▶ _Problem details_
Without including the pictures, copy out every line below.

▶ _Material provided_
_ _ _ _
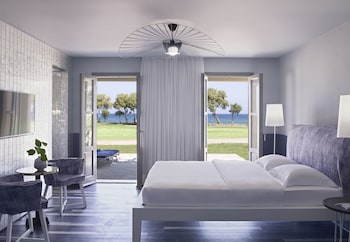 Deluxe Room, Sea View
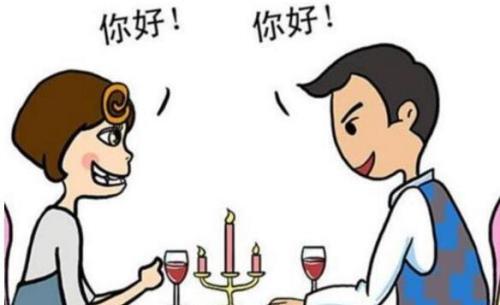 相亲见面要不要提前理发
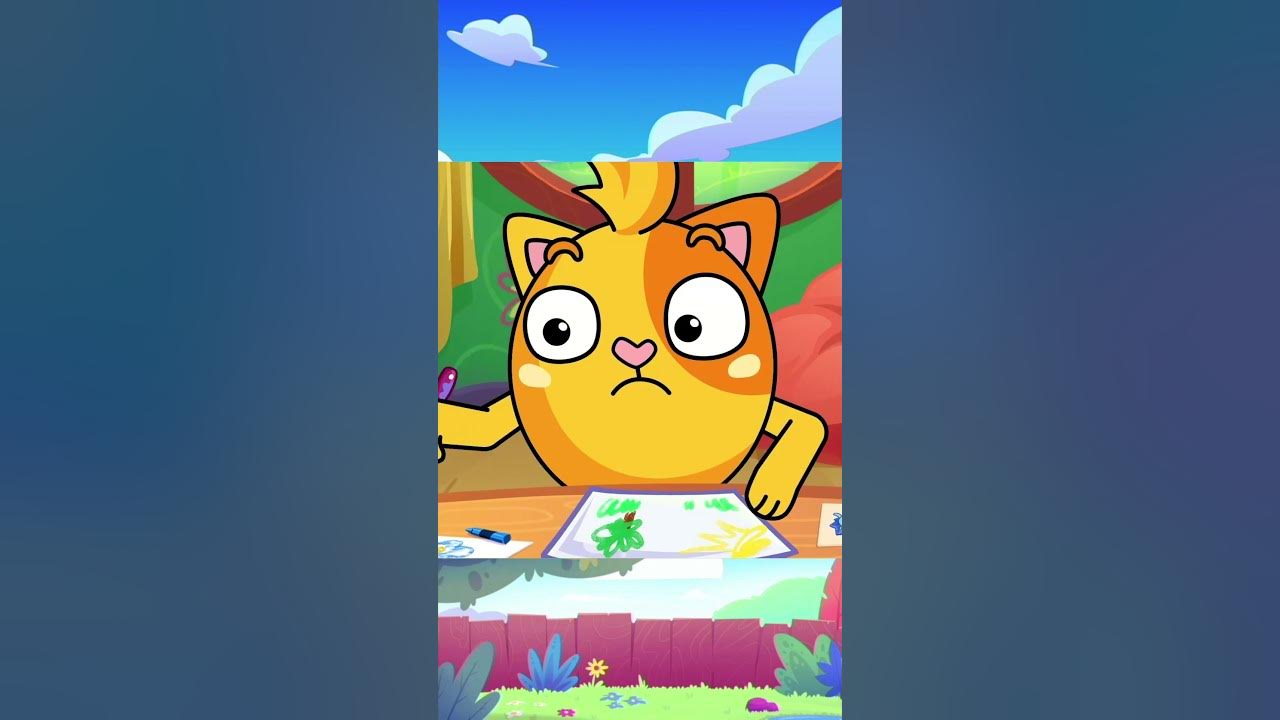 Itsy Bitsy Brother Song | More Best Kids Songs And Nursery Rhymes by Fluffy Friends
_ _ _ _
▶ _Result_
 Deluxe Room, Sea View
 相亲见面要不要提前理发
 Itsy Bitsy Brother Song | More Best Kids Songs And Nursery Rhymes by Fluffy Friends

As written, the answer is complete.